Much has been achieved to make our roads safer in the decade since Eilidh Cairns was tragically killed by a lorry, but there is still lots to be done.
February 5 marked 10 years since Eilidh, 30, from Ellingham, died after being knocked off her bike by a heavy goods vehicle while she cycled to work in London.
Her sister, Kate, has since campaigned vociferously for mandatory safety improvements to be made to lorries, founding the See Me Save Me campaign, which calls for the elimination of death and injury under the wheels of lorries.
On the anniversary of Eilidh’s death, Kate, 46, has reiterated her vow not to give up until dangerous lorries with poor visibility, like the one involved in Elidh’s death, become a thing of the past.
“A lot has happened over the last 10 years but I am still affected by her death, as are my parents and Eilidh’s friends,” said Kate.
“It caused enormous devastation and this campaign has been a way to try to bring about something positive.
“Nothing can bring her back, but what I can do is try to stop other people suffering what she suffered, it is just so sad that I have had to do it.
“My grief and pain is an indication of how strongly I felt about her and my love for her. I have learned that grief is just the reflection of the love you have for someone. That’s what has driven me.”
The driver of the lorry which struck Eilidh, Joao Correia-Lopes, was fined £200 for driving without corrected vision.
A condition of his sentence was to wear glasses while behind the wheel, but he was allowed to continue driving with just three penalty points imposed on his licence.
In 2012, at Isleworth Crown Court in London, he was jailed for causing the death by dangerous driving of 97-year-old Nora Gutmann, who he hit with his truck while she was on a pedestrian crossing outside Madame Tussaud’s in Marylebone Road, London. He was also banned from driving for six years.
The court heard that Correia-Lopes had been involved in at least three other collisions between Eilidh’s death and that of Mrs Gutmann.
Kate points out that HGVs are grossly disproportionate in cyclist deaths. They are involved in over 50% of cyclist deaths but make up only 4% of traffic. Twice as many pedestrians are killed by HGVs than cyclists.
She has brought about policy and legislative change at European, national and local level as well as instigated and driven a new industry standard, CLOCS (Construction logistics and community safety).
CLOCS looks at vehicles, drivers and operations and covers four key stakeholders – regulators, clients, contractors and fleet operators. It encourages best available vehicles and technology.
The industry CLOCS group was launched in 2013 with around 40 members but has now grown to over 650 promoting safer vehicles across the UK with clients and local authorities specifying the standard in their procurement and planning conditions.
A new London Direct Vision Standard will be introduced this year, which is a five-star rating. Those vehicles not complying will not be permitted to enter the capital.
“This is a world first direct vision standard,” said Kate, an engineer and mum-of-three.
“We’ve been to Europe and changed the law on cab design and want the new London standard to be rolled out across the rest of the UK too. It’s not just a London issue.
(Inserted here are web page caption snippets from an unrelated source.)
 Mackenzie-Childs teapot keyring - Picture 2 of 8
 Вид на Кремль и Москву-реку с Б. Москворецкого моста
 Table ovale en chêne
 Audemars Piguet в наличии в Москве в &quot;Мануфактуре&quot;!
There are more people killed by lorries outside of London than in it.”
Other successes include submission to the Houses of Parliament and the European Parliament; submitting written evidence to the All Party Parliamentary Group Inquiry to Get Britain Cycling; and instigating the adoption of CLOCS into Northumberland County Council Procurement Strategy.
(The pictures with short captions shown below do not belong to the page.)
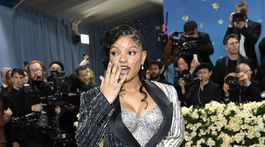 Herečka Halle Bailey v kreácii Thom Browne. 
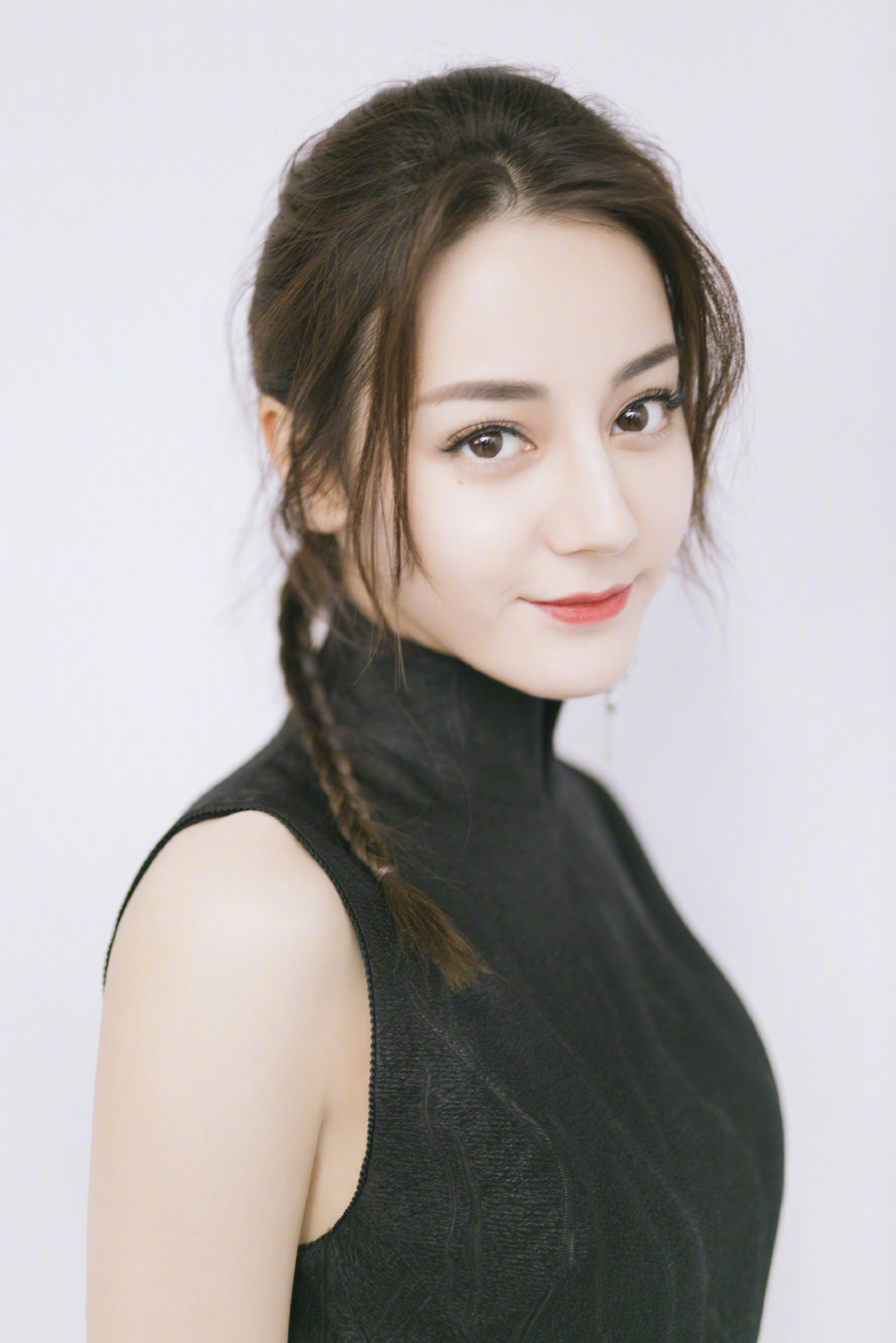 新疆乌鲁木齐美女演员迪丽热巴性感迷人写真桌面壁纸图片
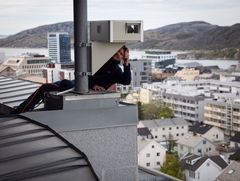 Gard Valsø fikk æren av å montere værkamerastasjon nummer 100, på taket av Nordlandssykehuset i Bodø. Foto: Stiftelsen Norsk Luftambulanse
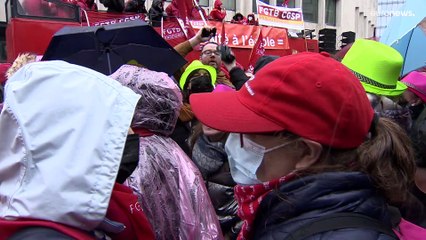 Professores em greve protestam nas ruas de Bruxelas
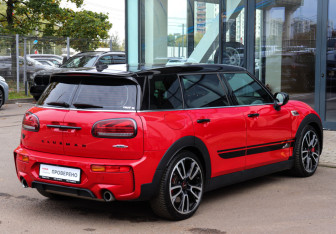 Подержанный автомобиль MINI Clubman Wagon 2022 года (4 фото)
“It’s not just about the vehicles,” added Kate. “We want the best available vehicles but it’s about the drivers too. If they’re drunk, tired, stressed or hungover, it doesn’t matter how safe the vehicles are.
“The frustrating thing is that there is a solution in the standards agreed by industry which I helped to instigate so now I want to see the infrastructure changed and for authorities to specify the CLOC standard to be in their procurement documents.
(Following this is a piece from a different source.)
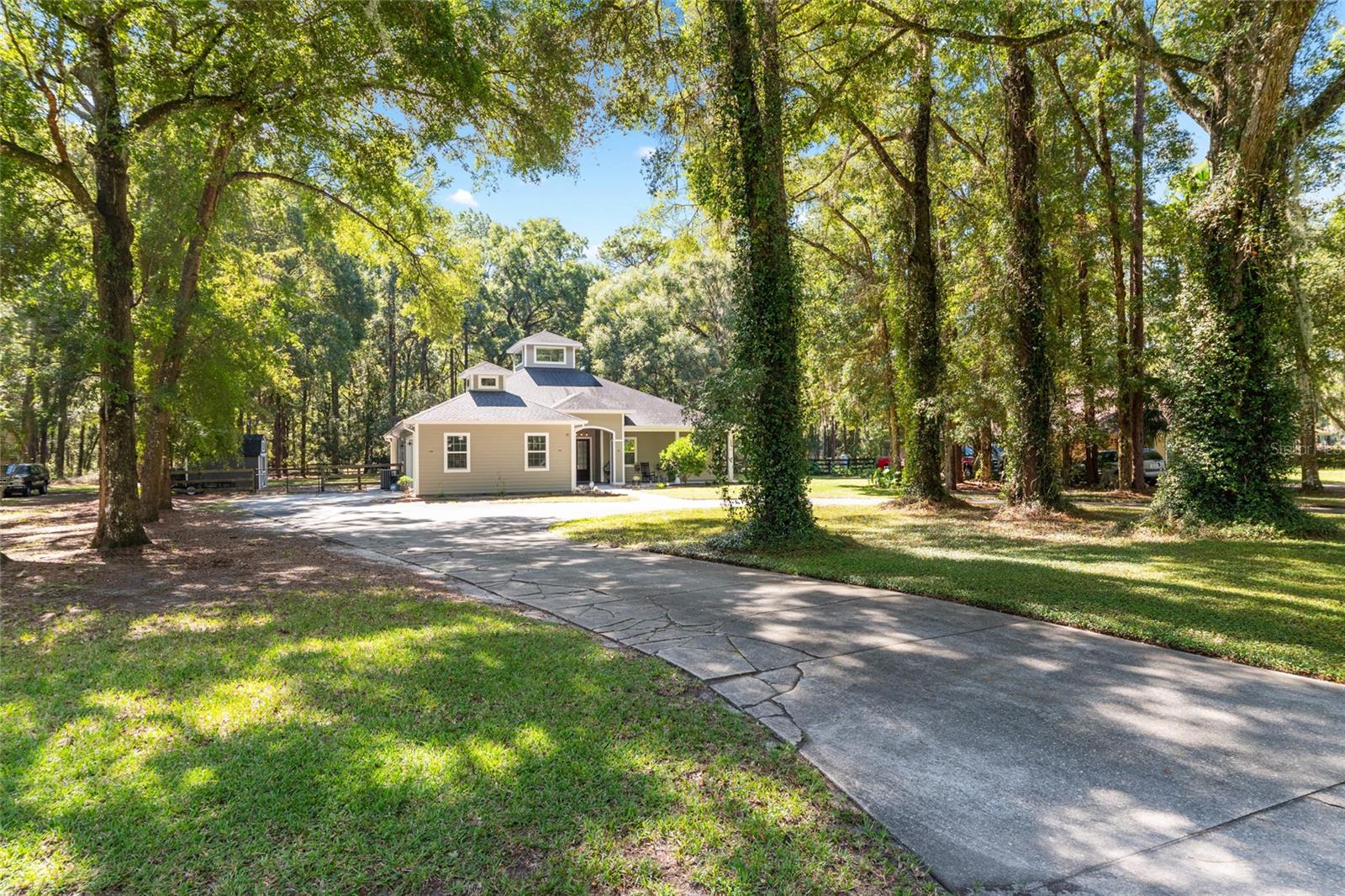 FOUNTAIN OAK - Residential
“It’s not about blaming the driver if he has been told to get across town as quickly as possible. There is a systematic failure. It’s the company culture within which these guys work. The incentives are such that they have to do their jobs in as short a space of time as possible.”
The profile and emphasis Kate has brought to policy makers and leaders in the construction industry means she is now a sought-after professional speaker.
She presents at corporate health and safety forums, leadership conferences and national industry events, brining a unique combination of her personal and professional expertise. She now advises organisations on their strategy, policies and procedures to manage their work-related road risk.
“When I tell my story and they see how it’s personally affected me and others, I really think it helps them to understand why they need to do what they should be doing in health and safety.”